* EXTRACTED INFORMATION *
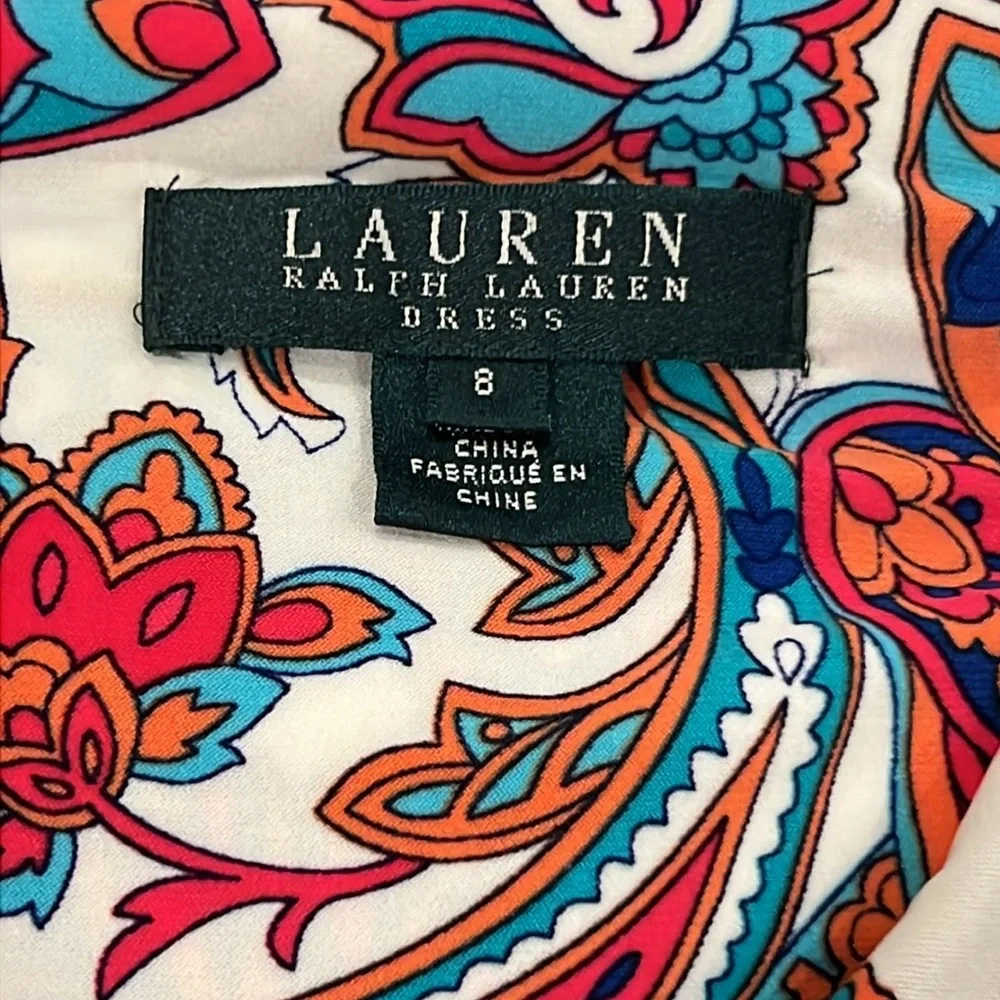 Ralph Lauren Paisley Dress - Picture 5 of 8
---
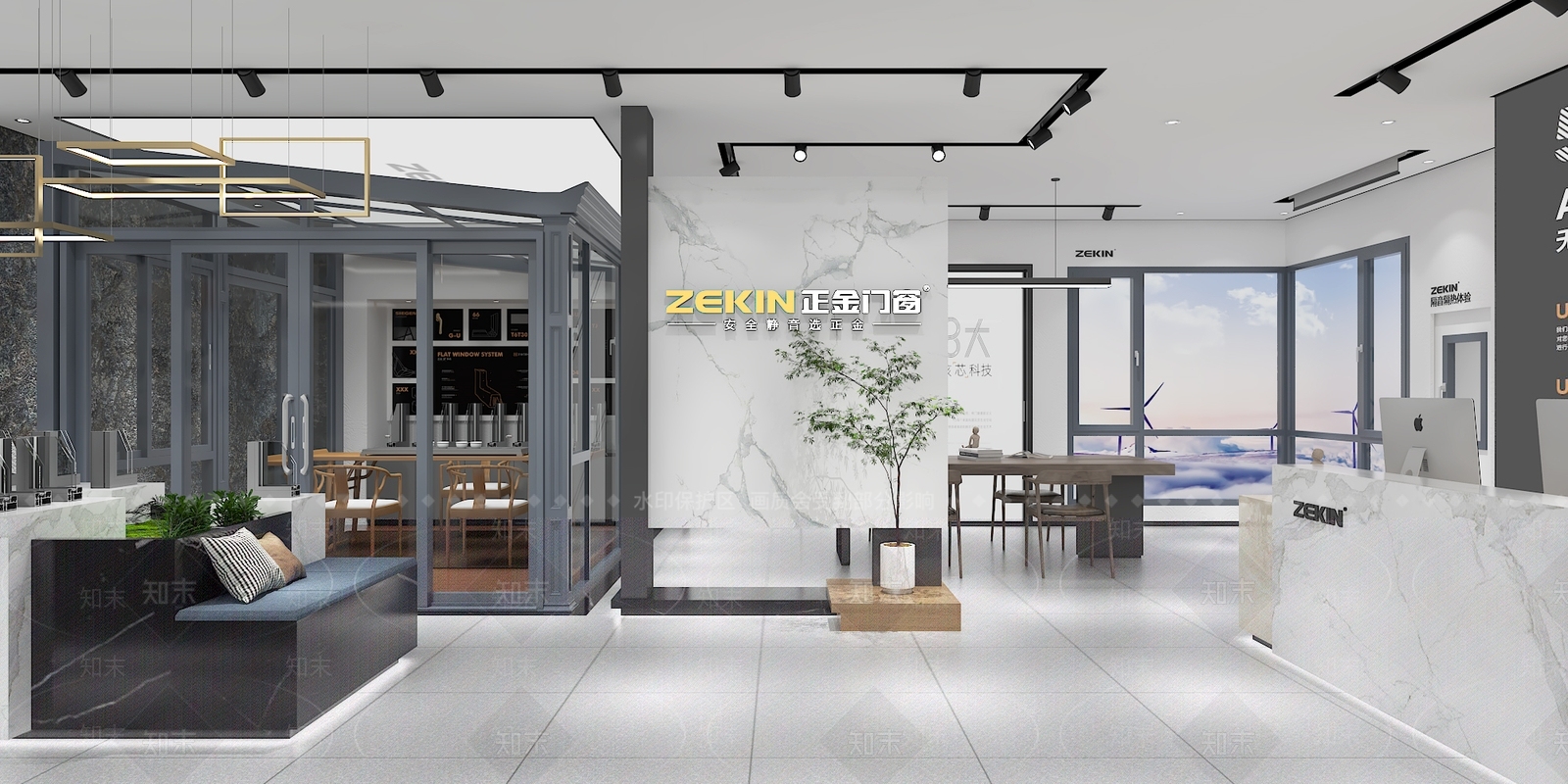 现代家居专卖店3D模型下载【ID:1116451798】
...
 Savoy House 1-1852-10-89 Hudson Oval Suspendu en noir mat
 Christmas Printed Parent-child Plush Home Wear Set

* WORK TO BE COMPLETED *
Looking back over the data above, restate word for word the lines that begin at the line with "Savoy House 1-1852-10-89" and end at the line with "Christmas Printed Parent-child", inclusive.

* REPLY *
 Savoy House 1-1852-10-89 Hudson Oval Suspendu en noir mat
 Christmas Printed Parent-child Plush Home Wear Set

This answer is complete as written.